I left my car, its door hanging open like a forgotten thought. I left my men, their confused shouts swallowed by the wind. I left my name, my title, the cold weight of my crown, I left every single thing that ever defined me on that empty sidewalk.

My Alpha mind didn't just take over; it shattered. What rose in its place was something more primal, more fundamental. It was a raw, screaming need that stripped me to the bone. I was desperate. Not with the calculated desperation of a man facing a rival, but with the blind, world-ending terror of a soul watching its only star flicker out.

She didn't just change me; she unmade me. They all saw the fortress, the ruthless, untouchable Don of shadows and silence. They never knew the fortress was built to guard an empty hall. I was a man who had never held a hand without calculating the cost, who had never had a person to simply… care for. I didn't know how to love. The concept was a foreign language, its sounds beautiful but meaningless. I was never on the receiving end, never knew the warmth of a selfless gaze. I was a monument to solitude, cold and impenetrable, until she, with her quiet courage, found a single crack in the stone and flooded my darkness with a light so brilliant it hurt to look at.

And now, that light was guttering. Dying. And it was my fault. My distance, my cold calculation meant to protect her, was the very thing snuffing her out.

So I ran.

I ran like the hounds of hell were at my heels, but I was the only demon here. The city became a watercolor smear of meaningless noise and blurred faces. The world narrowed to the agonizing pull in my chest, a golden thread stretched to its breaking point, tethering my dying heart to hers.

Nothing else mattered. Not my empire, not my enemies, not my own survival. The only truth left in the universe was the sound of her silent scream and the devastating, soul-crushing need to reach her.

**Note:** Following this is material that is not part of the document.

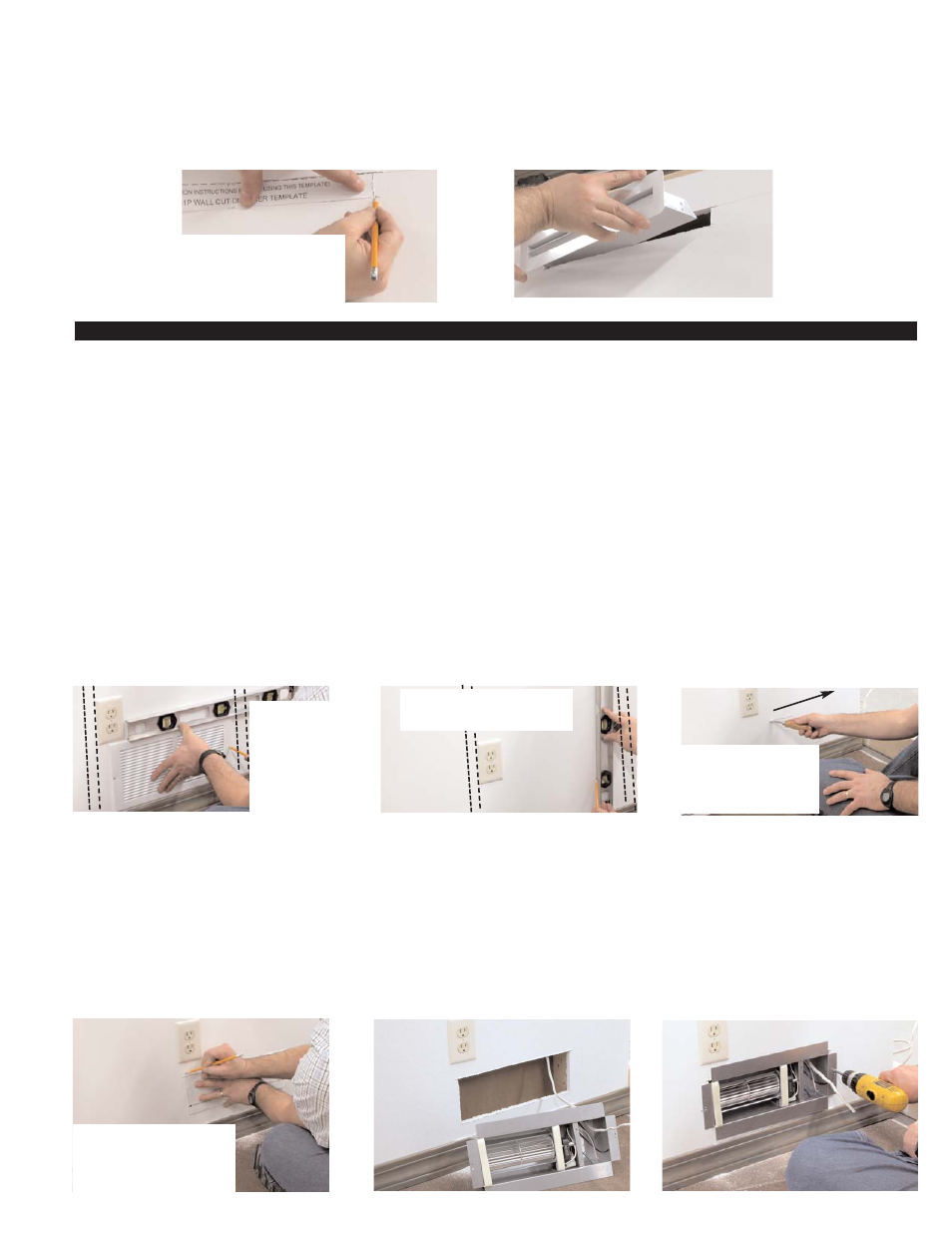 Tjernlund AS1 AireShare Room-to-Room Ventilator Rev A 02/08 8504136 User Manual | Page 3 / 4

I saw her, hunched against a wall, and my heart tore. I stopped before her. I found her collapsed against a wall, a small, crumpled form in the harsh city light. The sight of her brought me to my knees.

"Bella."

Her name was a breath, a confession.

Her eyes, glistening with tears, found mine. The connection slammed into me, a tidal wave of her anguish and my own devastating guilt. The mark on her neck was a violent, crimson pulse against her pale skin.

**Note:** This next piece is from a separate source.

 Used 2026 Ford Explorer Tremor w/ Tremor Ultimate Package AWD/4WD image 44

I didn't kiss her. I fell into her. My lips found hers not in passion, but in a desperate, soul-deep attempt to breathe my own life back into her, to siphon her pain into my body where it belonged. I poured everything I was, every broken, unworthy piece of me, into that kiss. My arms wrapped around her, crushing her to my chest as if I could physically fuse our shattered pieces back together.

When we parted, she was trembling, her sobs quieting into shaky breaths. The mark's frantic rhythm had softened to a steady, warm hum. Peace.

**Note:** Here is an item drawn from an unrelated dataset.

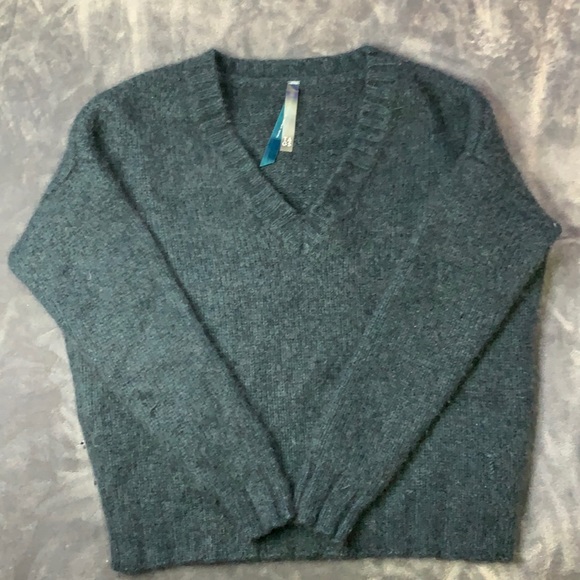 TAGS 100% cashmere sweater - Picture 2 of 4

I cradled her face, my thumbs stroking her tear-stained cheeks. My own vision blurred.

"I'm sorry," I choked out, the words ragged and true. "I'm so sorry I left you to face this alone. I was a fool."

She leaned into my touch, her eyes holding mine.

"You're here now."

"I am," I vowed, my voice low and fierce, sealing the promise with a kiss to her forehead. "And I will never make that mistake again. You are not alone. You have me. All of me. However broken it is, it's yours."